Explosão diante do quartel da Guarda Civil da localidade de Durango deixou dois feridos
Madri- Um carro-bomba explodiu na madrugada de ontem diante do quartel da Guarda Civil da localidade de Durango (País Basco, norte) e deixou dois feridos leves, o que leva a pensar que este seria o primeiro atentado do grupo armado independente basco ETA, depois de terem interrompido o cessar-fogo em junho.
A explosão da bomba feriu levemente dois membros da Guarda Civil, que ''sofreram cortes devido aos estilhaços'', conformou à AFP a Associação de Ajuda nas Estradas (DYA) da província de Biscaia, que enviou várias ambulâncias depois de ter sido alertada sobre o atentado.
Segundo a imprensa espanhola, a explosão também causou danos materiais.
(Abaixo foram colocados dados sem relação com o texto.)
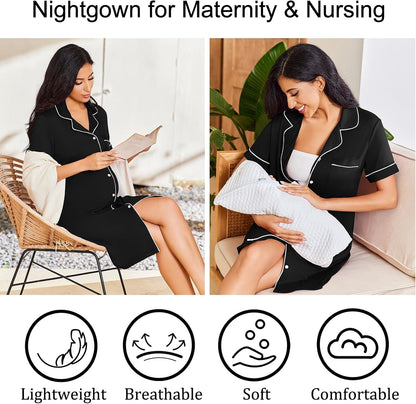 Ekouaer Nightgowns for Women 2 Pack Button Down Sleepwear Soft Sleepshirts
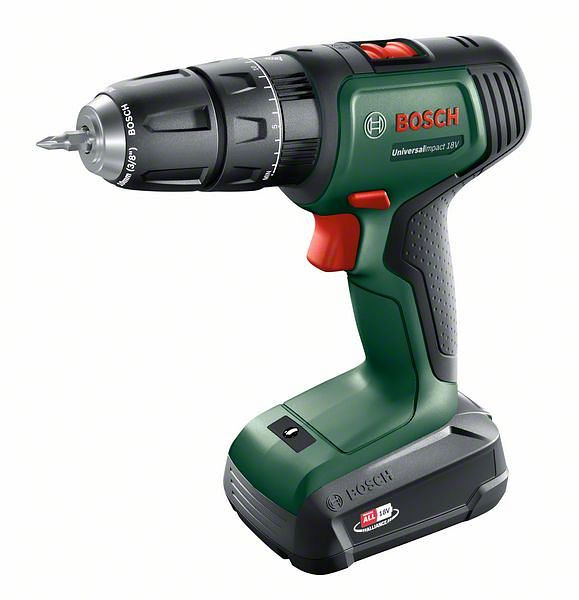 Bosch Akku-Zweigang-Schlagbohrschrauber UniversalImpact 18V mit 1x Akkupack, Ladegerät, 06039D4101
Cerca de uma hora depois, ''às 04H20, foi encontrado um carro carbonizado, que pode ter sido usado no atentado'' por seus autores para fugirem da localidade de Amorebieta, acrescentou a Ertzaintza.
O veículo tinha placa de Portugal e a explosão foi acionada por homens que fugiram em outro carro, segundo fontes das unidades de luta antiterrorista
citadas pela agência Europa Press.
No final de junho, foi descoberto no sul da Espanha um veículo carregado com 130 kg de explosivos nas proximidades da fronteira portuguesa, indício que leva a crer na possibilidade de que o ERA tivesse utilizado Portugal como retaguarda de suas operações pela primeira vez.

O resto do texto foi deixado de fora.